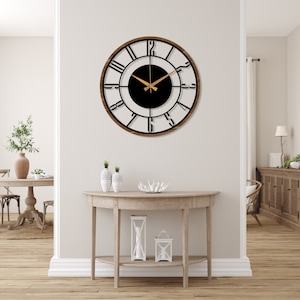 Moderne Mid-Century-Wanduhr, Metall mit Holzwanduhr, übergroße stille Uhr, einzigartige Wohnuhr, Bauernhaus-Wanduhr, Design-Uhr-Kunst Bild 7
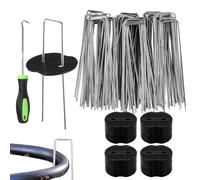 Yuemeuy Piquet de Jardin | Piquets en Métal Galvanisé | 50 Pièces Piquets pour Toile de Barrière et Gazon | pour Le Jardin L'Allée L'Arrière-Cour La Ferme La Terrase L'Allée De Garage La Tente La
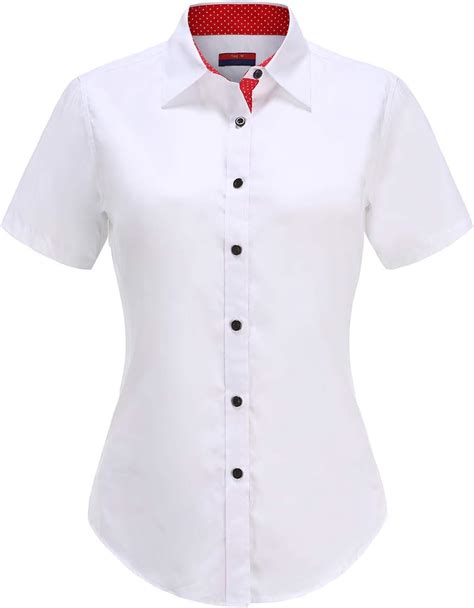 Dioufond Camisas De Botones Para Mujer De Algodón Formales Con Cuello Blanco Short Sleeve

= = = =

# Task requirements
Leave out the pictures, then repeat the listing above exactly from its first line to the line with "Yuemeuy Piquet de", inclusive.

# Exercise response
 Moderne Mid-Century-Wanduhr, Metall mit Holzwanduhr, übergroße stille Uhr, einzigartige Wohnuhr, Bauernhaus-Wanduhr, Design-Uhr-Kunst Bild 7
 Yuemeuy Piquet de Jardin | Piquets en Métal Galvanisé | 50 Pièces Piquets pour Toile de Barrière et Gazon | pour Le Jardin L'Allée L'Arrière-Cour La Ferme La Terrase L'Allée De Garage La Tente La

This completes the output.